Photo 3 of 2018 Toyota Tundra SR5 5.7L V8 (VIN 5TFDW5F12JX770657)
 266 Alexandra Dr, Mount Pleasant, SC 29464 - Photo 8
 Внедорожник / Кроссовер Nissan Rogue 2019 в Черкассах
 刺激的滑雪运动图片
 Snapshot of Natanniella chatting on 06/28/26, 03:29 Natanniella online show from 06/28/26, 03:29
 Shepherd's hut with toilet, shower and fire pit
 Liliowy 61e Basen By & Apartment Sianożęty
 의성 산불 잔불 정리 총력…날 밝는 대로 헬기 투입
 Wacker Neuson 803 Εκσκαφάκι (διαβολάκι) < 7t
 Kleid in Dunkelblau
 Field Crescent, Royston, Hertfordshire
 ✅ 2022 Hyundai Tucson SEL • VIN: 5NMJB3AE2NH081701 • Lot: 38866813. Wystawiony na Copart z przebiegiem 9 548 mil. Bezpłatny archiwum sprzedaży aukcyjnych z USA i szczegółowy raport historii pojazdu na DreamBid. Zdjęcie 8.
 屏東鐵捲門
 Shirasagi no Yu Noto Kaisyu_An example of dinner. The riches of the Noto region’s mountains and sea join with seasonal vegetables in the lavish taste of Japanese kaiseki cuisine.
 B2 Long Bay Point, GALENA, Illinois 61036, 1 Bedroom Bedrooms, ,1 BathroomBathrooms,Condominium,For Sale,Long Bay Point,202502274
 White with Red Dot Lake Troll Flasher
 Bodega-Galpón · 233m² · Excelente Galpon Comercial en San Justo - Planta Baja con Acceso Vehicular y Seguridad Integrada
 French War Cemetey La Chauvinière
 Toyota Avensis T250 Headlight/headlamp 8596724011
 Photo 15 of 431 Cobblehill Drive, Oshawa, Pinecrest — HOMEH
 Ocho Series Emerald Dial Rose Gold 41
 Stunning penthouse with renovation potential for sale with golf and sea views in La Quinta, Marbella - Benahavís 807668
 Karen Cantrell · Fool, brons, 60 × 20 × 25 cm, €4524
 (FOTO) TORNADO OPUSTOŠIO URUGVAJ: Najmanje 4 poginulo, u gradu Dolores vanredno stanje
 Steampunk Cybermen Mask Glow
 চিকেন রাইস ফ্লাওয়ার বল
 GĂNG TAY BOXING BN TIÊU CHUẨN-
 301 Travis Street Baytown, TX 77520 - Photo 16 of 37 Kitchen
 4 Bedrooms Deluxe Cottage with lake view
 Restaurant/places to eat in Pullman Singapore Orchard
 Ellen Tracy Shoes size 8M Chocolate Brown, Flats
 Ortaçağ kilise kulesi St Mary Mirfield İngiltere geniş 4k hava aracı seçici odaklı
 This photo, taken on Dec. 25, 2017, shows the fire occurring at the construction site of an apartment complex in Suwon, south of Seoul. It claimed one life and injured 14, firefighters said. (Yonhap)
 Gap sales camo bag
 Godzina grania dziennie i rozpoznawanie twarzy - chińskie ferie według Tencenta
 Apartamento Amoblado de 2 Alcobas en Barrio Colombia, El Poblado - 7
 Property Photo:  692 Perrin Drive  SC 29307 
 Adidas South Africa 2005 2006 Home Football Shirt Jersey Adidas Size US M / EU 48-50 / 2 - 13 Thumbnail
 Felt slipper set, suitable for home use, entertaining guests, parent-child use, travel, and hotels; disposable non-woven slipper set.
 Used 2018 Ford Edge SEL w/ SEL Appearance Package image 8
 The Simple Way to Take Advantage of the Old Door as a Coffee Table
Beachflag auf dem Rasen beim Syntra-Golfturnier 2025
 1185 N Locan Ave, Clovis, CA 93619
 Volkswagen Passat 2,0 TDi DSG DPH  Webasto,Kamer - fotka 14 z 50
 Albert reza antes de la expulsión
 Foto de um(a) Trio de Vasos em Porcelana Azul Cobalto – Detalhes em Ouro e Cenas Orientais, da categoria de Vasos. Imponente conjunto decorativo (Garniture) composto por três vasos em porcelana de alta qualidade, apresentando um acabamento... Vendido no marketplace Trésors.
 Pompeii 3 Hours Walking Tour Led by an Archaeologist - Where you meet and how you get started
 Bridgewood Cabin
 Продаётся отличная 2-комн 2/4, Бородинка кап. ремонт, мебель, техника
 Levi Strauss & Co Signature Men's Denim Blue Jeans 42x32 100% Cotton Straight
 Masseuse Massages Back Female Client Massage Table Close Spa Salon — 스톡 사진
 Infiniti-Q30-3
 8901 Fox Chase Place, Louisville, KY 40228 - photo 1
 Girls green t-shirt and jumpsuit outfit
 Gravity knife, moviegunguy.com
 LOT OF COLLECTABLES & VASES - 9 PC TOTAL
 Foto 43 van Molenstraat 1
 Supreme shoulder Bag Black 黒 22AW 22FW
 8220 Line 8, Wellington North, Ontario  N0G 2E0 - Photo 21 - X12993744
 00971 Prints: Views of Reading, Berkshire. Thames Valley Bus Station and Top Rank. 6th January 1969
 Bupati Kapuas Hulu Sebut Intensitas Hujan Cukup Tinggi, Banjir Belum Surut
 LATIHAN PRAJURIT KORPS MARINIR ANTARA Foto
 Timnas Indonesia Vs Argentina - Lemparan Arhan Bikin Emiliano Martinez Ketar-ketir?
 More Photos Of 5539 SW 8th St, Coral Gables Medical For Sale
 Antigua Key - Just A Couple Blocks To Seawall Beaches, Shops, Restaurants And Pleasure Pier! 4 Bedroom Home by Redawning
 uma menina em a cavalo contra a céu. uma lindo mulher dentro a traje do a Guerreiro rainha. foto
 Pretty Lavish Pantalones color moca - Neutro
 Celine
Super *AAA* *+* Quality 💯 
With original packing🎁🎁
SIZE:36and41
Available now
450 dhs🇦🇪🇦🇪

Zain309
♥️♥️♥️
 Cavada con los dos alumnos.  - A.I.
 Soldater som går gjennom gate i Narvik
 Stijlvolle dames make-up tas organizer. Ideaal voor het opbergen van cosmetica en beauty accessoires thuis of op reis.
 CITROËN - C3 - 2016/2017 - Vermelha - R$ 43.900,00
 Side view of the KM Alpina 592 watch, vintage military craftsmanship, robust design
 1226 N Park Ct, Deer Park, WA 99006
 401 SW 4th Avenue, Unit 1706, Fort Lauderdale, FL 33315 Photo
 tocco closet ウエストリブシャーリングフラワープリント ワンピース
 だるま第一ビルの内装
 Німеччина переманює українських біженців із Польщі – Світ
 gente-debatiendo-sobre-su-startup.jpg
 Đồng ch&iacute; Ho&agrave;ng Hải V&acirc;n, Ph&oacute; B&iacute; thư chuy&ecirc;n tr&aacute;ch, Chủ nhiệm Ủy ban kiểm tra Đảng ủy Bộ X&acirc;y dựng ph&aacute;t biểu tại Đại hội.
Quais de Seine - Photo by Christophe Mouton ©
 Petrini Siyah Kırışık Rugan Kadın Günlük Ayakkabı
● ● ● ●
AIM OF THE TASK: Out of the data above, transcribe exactly and only the lines starting with the line that has "Cavada con los" and going on through the line that has "401 SW 4th Avenue, Unit", both included.

SOLUTION TO THE PROBLEM:
 Cavada con los dos alumnos.  - A.I.
 Soldater som går gjennom gate i Narvik
 Stijlvolle dames make-up tas organizer. Ideaal voor het opbergen van cosmetica en beauty accessoires thuis of op reis.
 CITROËN - C3 - 2016/2017 - Vermelha - R$ 43.900,00
 Side view of the KM Alpina 592 watch, vintage military craftsmanship, robust design
 1226 N Park Ct, Deer Park, WA 99006
 401 SW 4th Avenue, Unit 1706, Fort Lauderdale, FL 33315 Photo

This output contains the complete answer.